Selbst die Mafia, so habe ich neulich gelesen, „investiert“ inzwischen nur noch im Norden des Landes. Dort funktioniert die Wirtschaft, dort ist das Geld.
Eine der Branchen, die im Süden einigermaßen laufen, ist der Weinbau.
Mit großem Selbstbewusstsein macht sich eine junge Generation von Winzern und Geschäftsleuten daran, die einheimischen Weine auf der ganzen Welt zu verkaufen.
Was dabei herauskommt, ist nicht immer toll. Zu viele Produzenten jagen irgendeinem Massengeschmack nach, statt die Eigenheiten einheimischer Rebsorten heraus zu kitzeln.
Zum Glück gibt es Weingüter, die es anders machen. Einer dieser Betriebe ist Feudi di San Gregorio. Sie liegt beim Städtchen Avellino, etwa 40 Kilometer östlich von Neapel.
Feudi di San Gregorio wurde erst 1986 gegründet. Damals rissen viele Winzer ihre alten Rebstöcke einheimischer Sorten raus und ersetzten sie durch internationale Trauben wie Merlot oder Cabernet Sauvignon.
Das junge Weingut aber setzte von Anfang an auf die unmodernen, alten Sorten – und hatte Erfolg.
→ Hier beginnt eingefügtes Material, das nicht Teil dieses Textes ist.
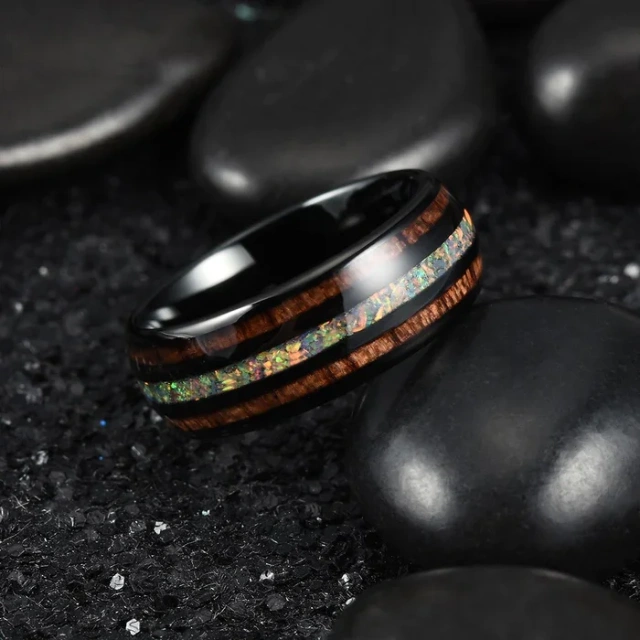 Wholesale Custom 8mm Black Tungsten Ring Colorful Crushed Opal Wood Inlay Fine Jewelry Rings Men Women Engagement Wedding Band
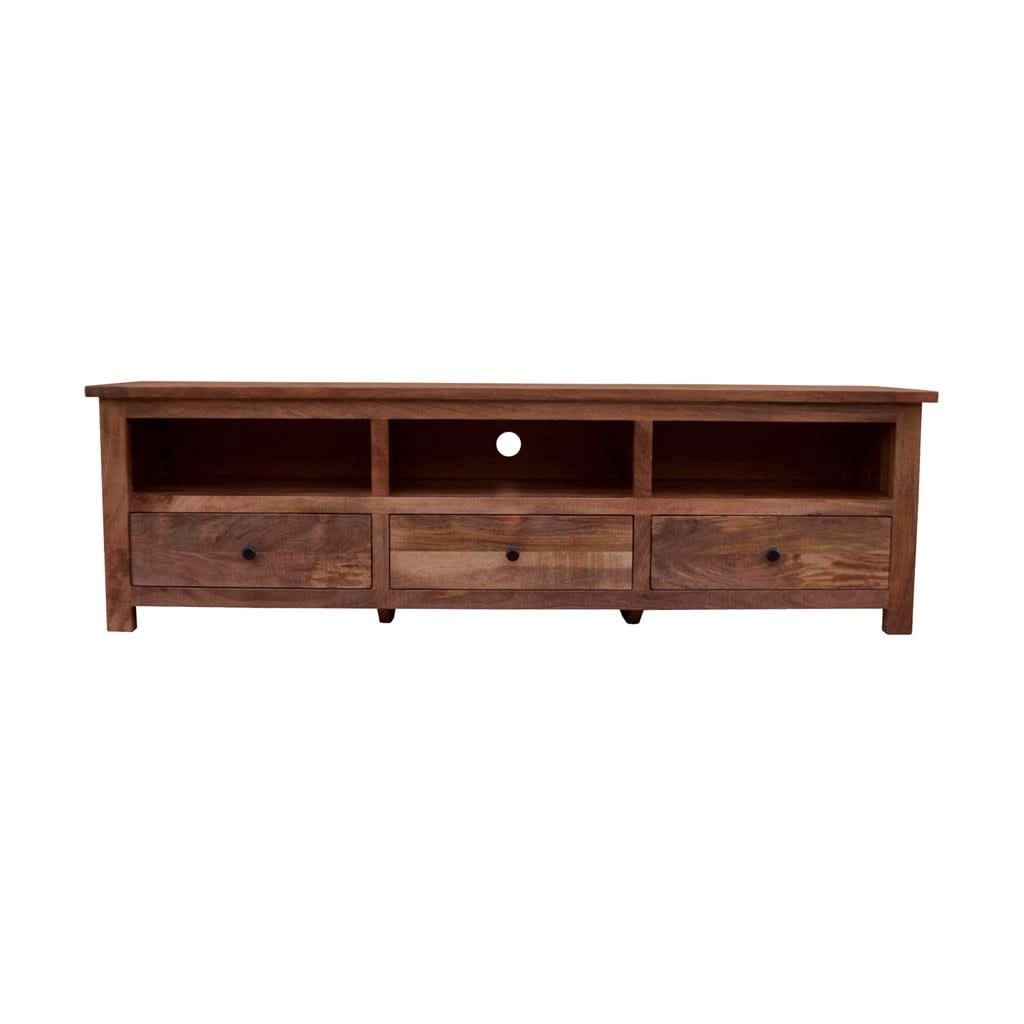 KAVALA MANGO WOOD PARQUETRY 3 DRAWERS TV UNIT AMERICAN OAK COLOUR - EOFY SALE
Das finde ich spannend und deshalb entkorke ich gleich einen Wein aus den Rebsorten Coda di Volpe und Falanghina. Die Weinberge, von denen die Trauben dieses Tropfens kommen, liegen an den Hängen des Vesuv. Das heißt, der Boden ist karg an vielen Nährstoffen aber pickepackevoll mit Mineralien. Gute Voraussetzungen für tollen Wein.
Die Rebsorte Coda di Volpe gibt es nur in der Gegend um Neapel. Sie ergibt körperreiche Weißweine. Aus Falanghina hingegen werden charaktervolle, an Aromen reiche Tropfen gekeltert. Eine Mischung aus diesen beiden dürfte interessant werden.
Der Wein, den ich nun öffne, heißt Lacryma Christi Bianco = die weiße Träne Jesu.
Was mir beim Blick auf das moderne Etikett gleich positiv auffällt, ist der Alkoholgehalt von gerade mal 12,5 Volumenprozent.
Normalerweise haben Weine aus Süditalien deutlich mehr Wumms. Hitze = viel Zucker in den Beeren = hoher Alkoholgehalt.
Der Wein duftet dezent nach gelbem Steinobst. Vor allem Aprikose und etwas Mirabelle, dazu eine Prise Salz und jede Menge Kräuter.
Am Gaumen treten die Früchte völlig in den Hintergrund. Ich schmecke Salz, nassen Stein und weißen Pfeffer. Wow! Erst dann tauchen etwas Aprikose und ein klitzekleines bisschen Mirabelle auf. Die Säure ist sehr dezent.